Estaba claro que no lo era.
—¡Dios santo, mirad los cuerpos! —intervino Jack excitado, atreviéndose a abrir ligeramente la puerta para mirar afuera—. Se están moviendo.
—Por supuesto —continuó Croft—. Los están distrayendo para que podamos entrar.
La reacción en cadena que Donna había contado con provocar se estaba empezando a extender lentamente a través de la multitud putrefacta que rodeaba el perímetro del campo de fútbol. De forma lenta y torpe, casi toda la masa en descomposición parecía que se tambaleaba hacia el calor insoportable y la luz brillante en el extremo más alejado del complejo universitario.
—Hora de irse —anunció Cooper.
—Deberíamos darles un rato más —protestó Bernard, nervioso—. Sigue habiendo centenares por los alrededores. Si salimos ahora nos...
—Hora de irse —repitió Cooper—. Se están alejando de nosotros. Tendremos una oportunidad si los atravesamos corriendo desde atrás. Cuando se den cuenta de que estamos allí, ya nos habremos ido.
—¿Qué hacemos con la furgoneta? —preguntó Croft, recordando que, siguiendo las instrucciones de Cooper, la había aparcado taponando la entrada al campo.
—Alguien debería quedarse en ella —sugirió Bernard.
—Se deberían quedar dos, sólo por si acaso —añadió Cooper.
—Yo lo haré —se presentó voluntario Steve—. Soy demasiado lento para seguiros. Hoy ya he corrido lo suficiente, más de lo que había corrido en años.
—Yo me quedo —se ofreció Paul, la idea de permanecer con la furgoneta y los camiones parecía mejor a salir sin protección a la noche oscura.
—Moveremos la furgoneta para abriros paso —informó Steve— y después volveremos a bloquear la salida en cuanto hayáis pasado, ¿de acuerdo?

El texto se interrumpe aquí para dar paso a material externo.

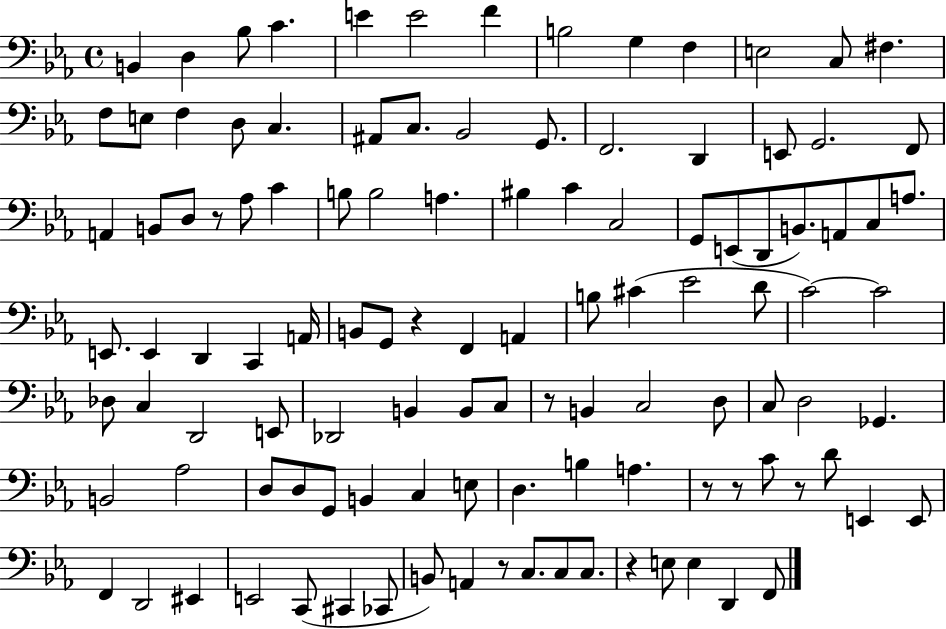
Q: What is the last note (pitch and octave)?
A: F2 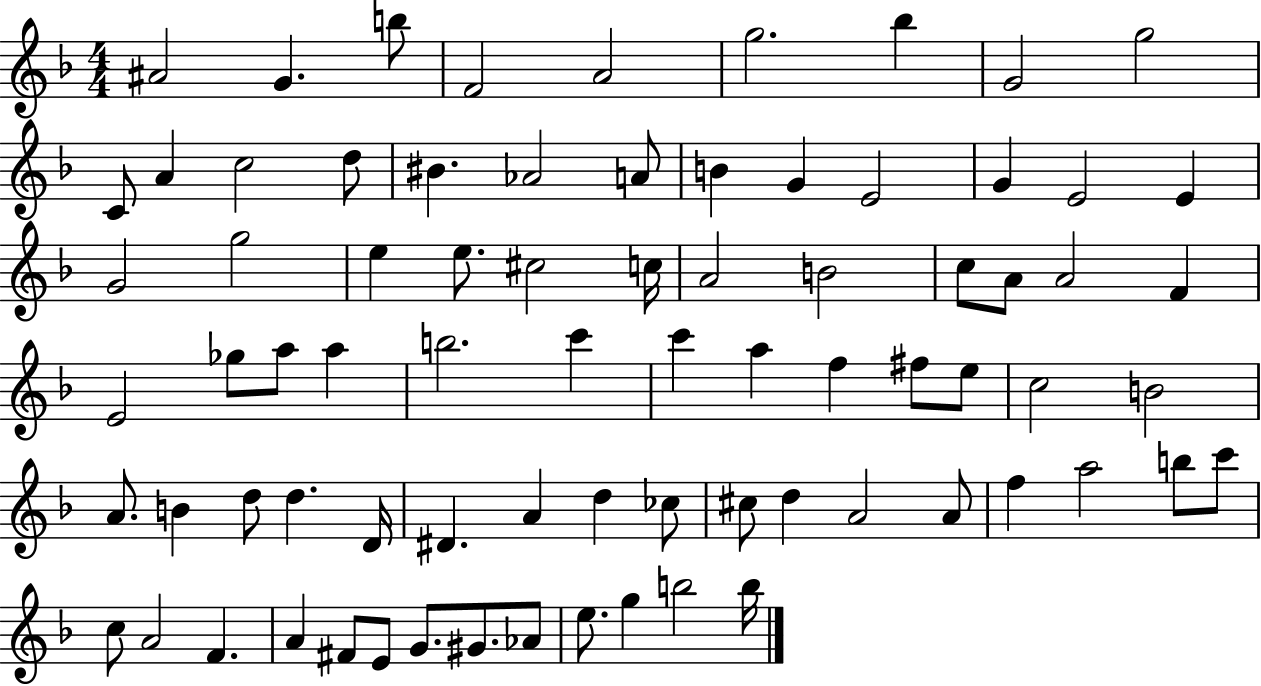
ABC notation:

Cuando el camionero acabó de hablar, Cooper ya había saltado del camión y estaba de camino hacia la furgoneta. Croft entregó las llaves a Steve, y siguió a Cooper a través de la oscuridad.
—De vuelta a la puerta que utilizamos esta mañana, ¿de acuerdo? —recordó Cooper a los demás cuando se reunieron, nerviosos, junto a los restos del portón de metal retorcido.
Steve subió a la furgoneta y miró a Croft, Cooper, Jack y Bernard. Arrancó el motor, lanzando un resoplido repentino de ruido y humo, que penetraron en la fría noche y provocaron que un puñado de cuerpos se dieran la vuelta y empezaran a regresar hacia el campo de fútbol. Consciente de que se tenían que mover con rapidez, puso la marcha atrás de la furgoneta y se desplazó un poco para abrir una estrecha salida. En cuanto el hueco fue lo suficientemente grande, los cuatro hombres corrieron hacia la oscuridad. Steve avanzó de nuevo y bloqueó la entrada.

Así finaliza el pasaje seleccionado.